Monday, April 03, 2006

Tonight on a very special Oh, That Hedda!, Hugo Weaving guest stars as Hedda learns about the importance of Gun Safety.








Apologies (again) for not posting more frequently. The usual, too busy, yadaa yadda.

By coincidence, Kathy has had a history of getting me tickets to Hedda Gabler for my birthday. Four years ago it was to the Broadway show starring Kate Burton, and this past birthday it was tickets to the BAM show with Kate Blanchett and Hugo Weaving. We went a week ago last Friday, eager to see the show which had become the hottest ticket in town, especially after a glowing Times review.
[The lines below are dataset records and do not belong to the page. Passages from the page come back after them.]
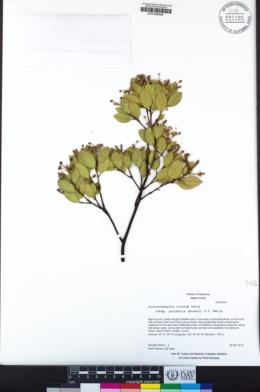 Arctostaphylos viscida subsp. pulchella image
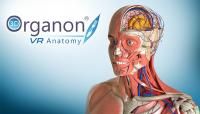 310_Програма_3D_Organon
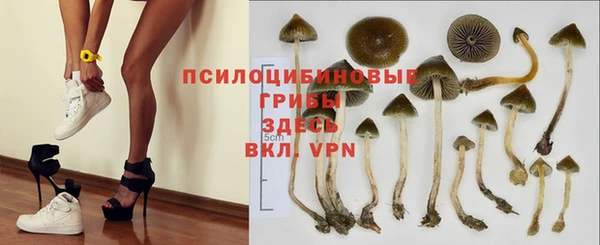 кокс Аркадак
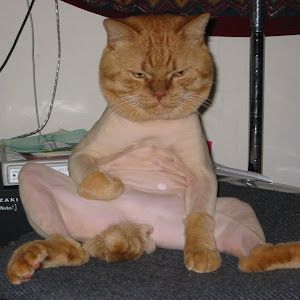 Profile Picture of Shandalar1 (@shandalar1) on Tiktok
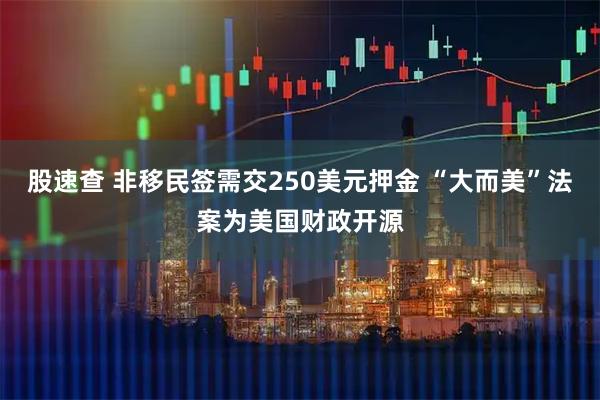 股速查 非移民签需交250美元押金 “大而美”法案为美国财政开源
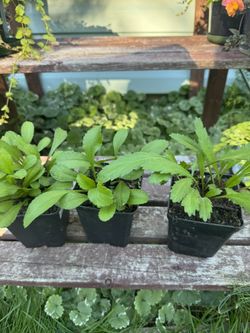 Shasta Daisy Perennial Plant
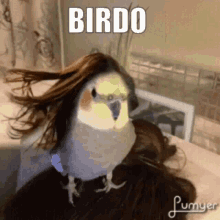 Bird Birdo GIF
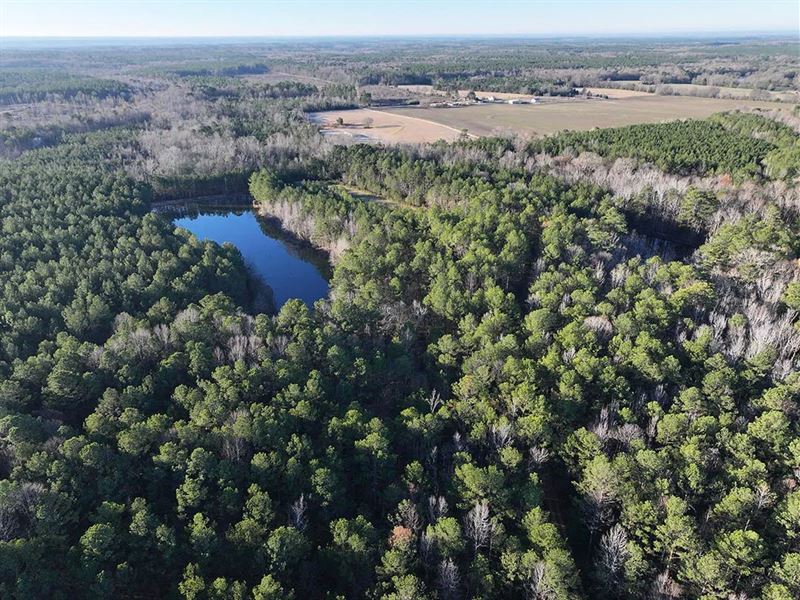 33.21 Acres in Pickens County, AL : Ethelsville : Pickens County : Alabama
We began the evening with some food at a new bistro near our house, and a bottle of wine. It’s always a danger for me to have a bit of wine before a Friday night event. By then I am often suffering from lack of sleep, so a glass or two will go straight to my head. As it did a bit that night.
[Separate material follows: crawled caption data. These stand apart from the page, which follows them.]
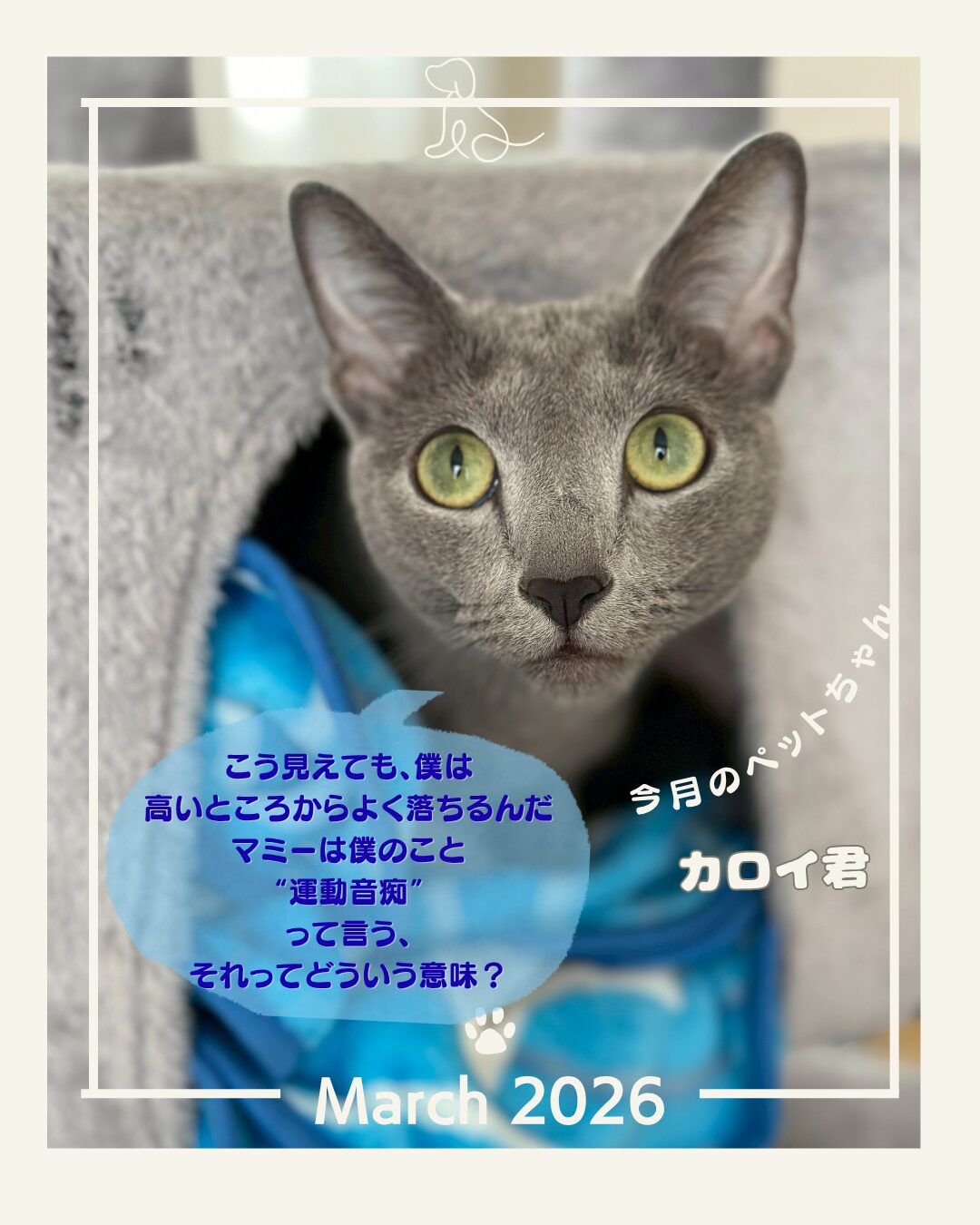 アニマルコミュニケーターエイミー アニマルコミュニケーターエイミー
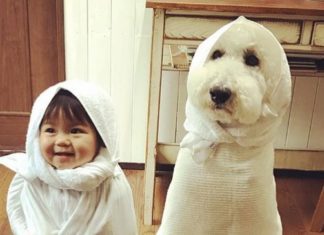 Japanese Woman Takes Photos of Granddaughter With Poodle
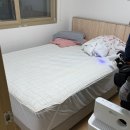 자비의집 | 벌레자비 해충방역 좀벌레 천연 살충제 내돈내산 후기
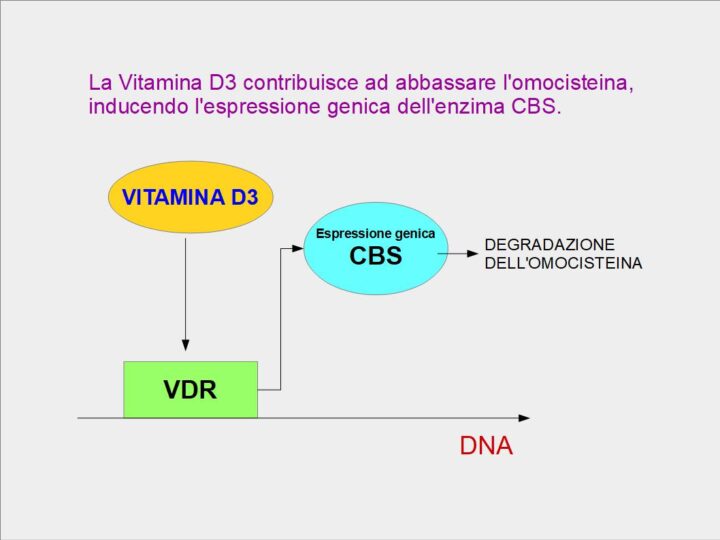 La vitamina D contribuisce a tenere bassa l'omocisteina, perché induce le cellule ad esprimere l'enzima CBS, coinvolto nella degradazione dell'omocisteina in CISTATIONINA, CISTEINA, SOLFATI e TAURINA.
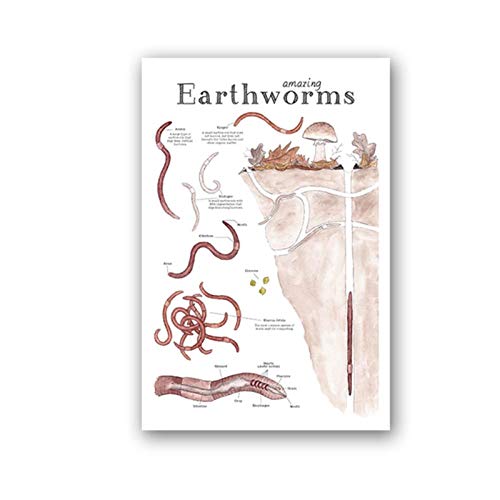 WLKQY Increíble lombrices de tierra impresión de arte naturaleza educación cartel gráfico ciencia pared arte lienzo pintura imagen laboratorio oficina decoración-50x70 cm sin marco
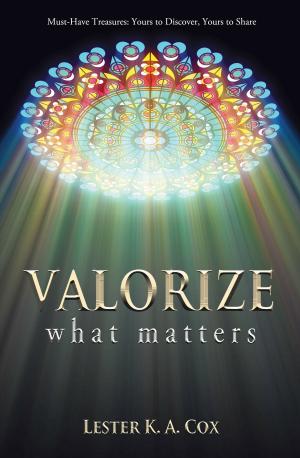 Cover of the book Valorize What Matters by R. Joseph Ritter, Jr.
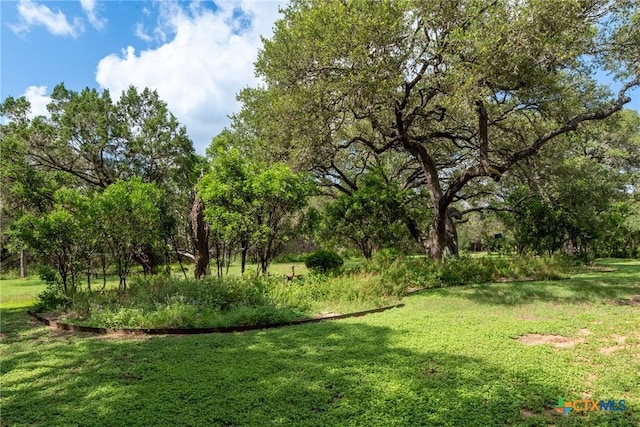 1100 Isaac Creek Cir, New Braunfels, TX 78132 - photo 36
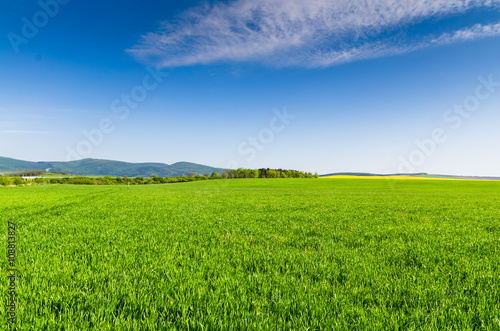 Green field and blue sky © klagyivik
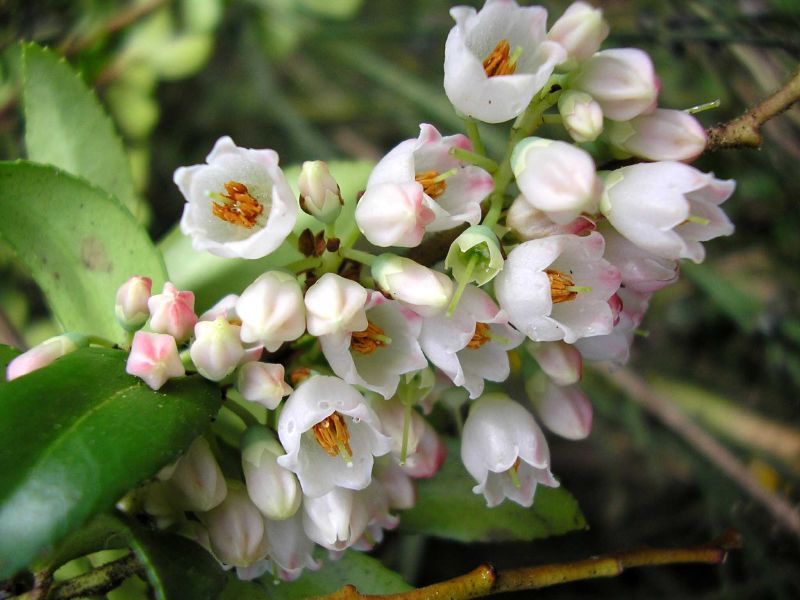Vaccinium membranaceum (Black Huckleberry) (alternate view 7)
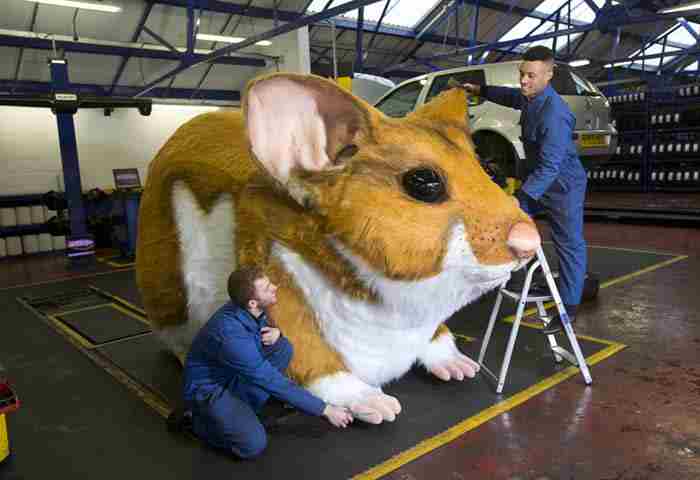 Giant hamster in Kwik Fit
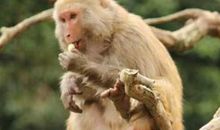 2004年属猴人2021年运势男命 04年出生17岁生肖猴男2021年运程详解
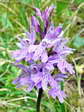 Common spotted-Orchid (Dactylorhiza fuchsii) - Castel de Cantobre Gîtes, Aveyron, France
We got to the show at the last minute (thinking it started at 8:00 and not at 7:30). The curtain rose and the play began. And several minutes into the show, a curious thing happened. The audience was laughing. And I got really confused.

For starters, the casting was strange. Hedda’s new husband looked like a goober, and played the role like he was in a Marx Brothers movie. Kate Blanchett was making goofy gestures, pointing out her disdain for her new husband with comedic conventions. Guffaws abounded. It was like no one had actually ever read the play.
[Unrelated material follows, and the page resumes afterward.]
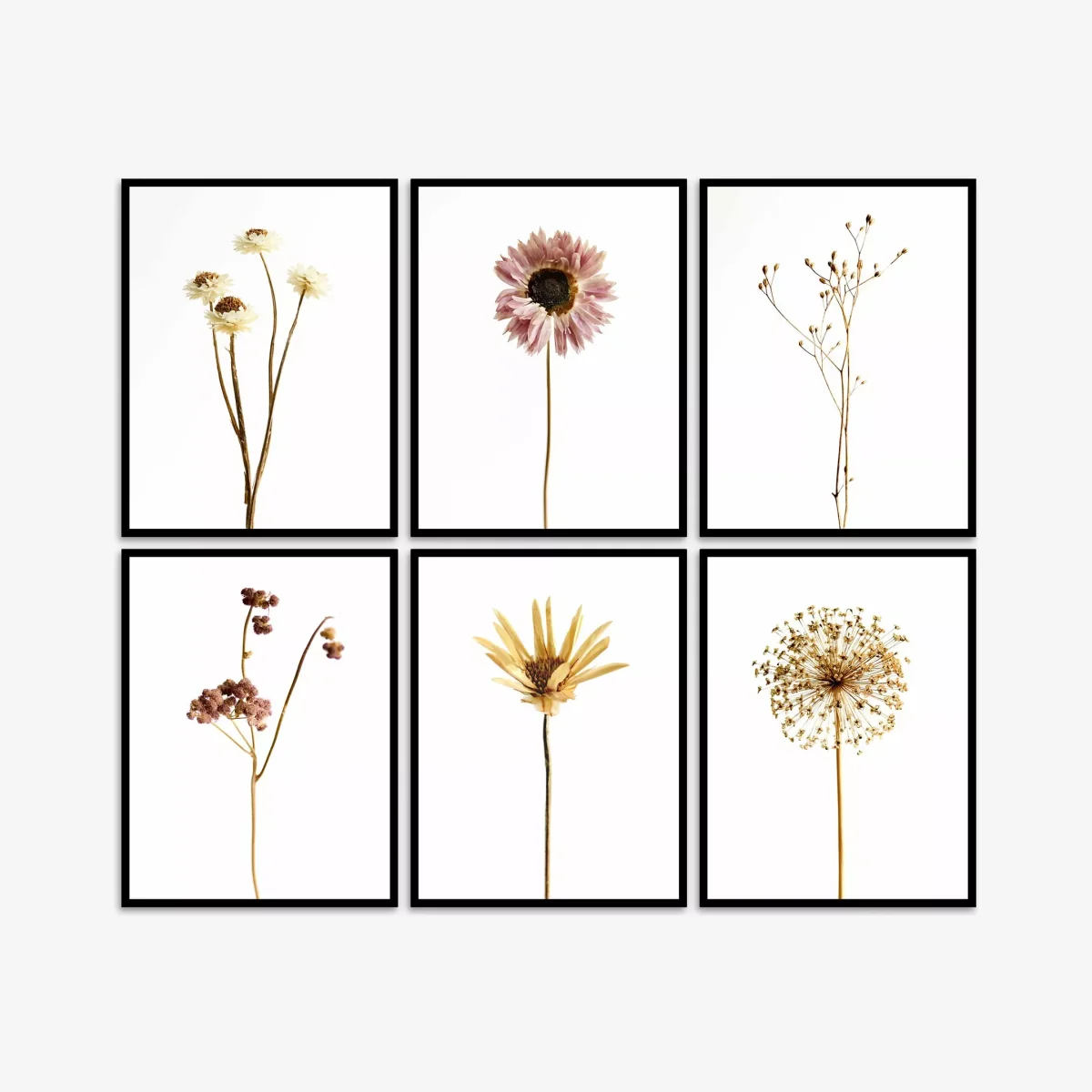 Modern Botanicals Framed Prints, Set of 6, 42 x 32cm, Multi – image 1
Not being a theater expert I can’t criticize the director’s choice of staging Hedda Gabler as a Sitcom. Perhaps there is was some subtle jab at our contemporary culture in the irony of the story of a young woman destroying several lives, including her own, being played as a light farce. If so, it’s beyond me.

By the beginning of act four, things really got weird. Hugo Weaving, actually looking very Nordic under his acres of facial hair, stopped the accent he had been working on the entire time and reverted to Agent Smith of the Matrix. While everything started to go to hell in the play, I kept expecting him to start snarling, “ Mister Anderson…” And then the audience got confused as the laughs stopped, first when Hedda convinces her ex to shoot himself, and then when she blows her own head off. Not many laughs there.

It was like watching a ‘very special episode.’ The kind where a happy go lucky character has a life affirming event happen. WKRP started the whole thing with their Who Concert episode. It was noted at the time that there were only three laughs in the entire second half of the show. I guess on that mark, this Hedda scored better.